Modularization

The first module in this course introduced the six essential imperative programming operations. There were three simple statements,

input
gets a value from the input stream and stores it in memory.
processing
processes/combines/manipulates values stored in memory and stores the result in memory
output
sends a value to the output stream

and three control structures,

sequential processing
in which statements are executed one at a time in sequence
selection
in which one group of statements or another, but not both, are executed
repetition
in which a group of statements is executed repeatedly

I also introduced one “bonus” structure: modularity. Many modern computer scientists would take issue with the bonus characterization and argue that modularization is perhaps the most fundamental structure provided by modern programming languages.

I do not disagree with their assessment. I refer to the other control structures as essential because it is logically impossible to write all programs without each and every one of them. It is possible to write a program without modularization, but extremely difficult, and the resulting program if it was ever successfully written and tested would be very difficult to modify or maintain.

Why is modularization so important? Because it enables us to

  1. reduce the complexity of our programs, while at the same time allowing us to
  2. create reusable chunks of code.

We reduce complexity by using a divide and conquer strategy, i.e. taking a large program and dividing it into smaller, more manageable, pieces. If we choose our pieces carefully, we can accumulate a collection of modules that are reusable. This saves us time on future projects by allowing us to avoid reinventing the wheel.

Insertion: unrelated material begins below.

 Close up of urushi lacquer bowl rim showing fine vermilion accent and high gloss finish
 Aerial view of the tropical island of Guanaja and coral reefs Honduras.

Reducing complexity is important because there is a (small) limit to the number of things the human brain can think about at once. Cognitive psychologists often peg the capacity of short term memory at 7 plus or minus two items, because people can on average only recall between 5 and 9 items from a sequence they are given to remember. This biological limitation makes it very difficult to think about problems involving a dozen units, much less ones involving hundreds of disparate parts. One way of organizing the complexity of a large system is to divide it into hierarchies that only have a handful of items on any given level. This division is modularization. Dividing a problem well, i.e. in a way that makes the problem simpler to solve, is a skill that is developed through practice and by studying examples.

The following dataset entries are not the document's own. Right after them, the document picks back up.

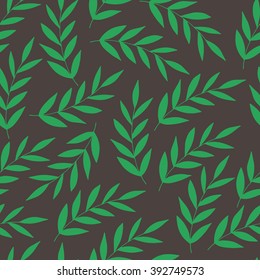Green branches on a brown background. seamless pattern
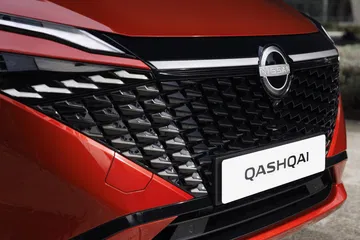 Vista cercana de la parrilla y emblema del Nissan Qashqai 2024 en color rojo.
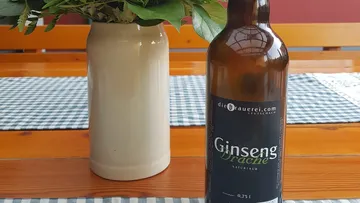Bottle of ginseng dragon stands next to vase on table.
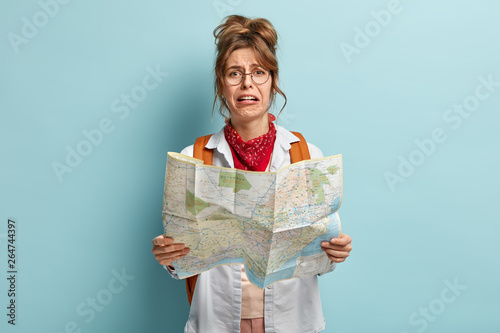 Crying female tourist lost in unknown destination, holds map, tries to find way, looks with dissatisfied dejected expression, wears round spectacles, has rucksack with packed things, stands indoor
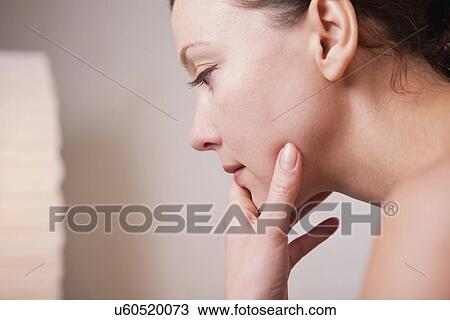 Stock Image - Russia, Voronezh, woman with hand on chin. Fotosearch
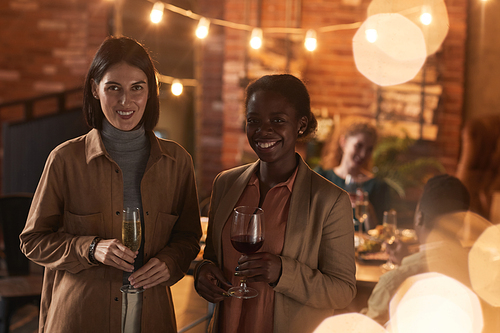 Waist up portrait of two young women holding champagne while enjoying outdoor party with friends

As we tackle different programming problems and projects we will build up a storehouse of modules. If we modularize our problems well we will develop a toolkit of reusable modules that we can use in the future to avoid rewriting code we have written before. Choosing modules for reusability is more objective than choosing them to reduce complexity: the main rule is to make each module do one thing, and only one thing, well, and to avoid side effects. We avoid side effects by having each module restrict its actions to as narrow a domain as possible.

Python enables modularization through the use of

  1. functions,
  2. classes, and
  3. modules.

In this module of the course we will consider the first and third of these, i.e. functions and modules. The second item, classes, is the subject of the entire third part of the course.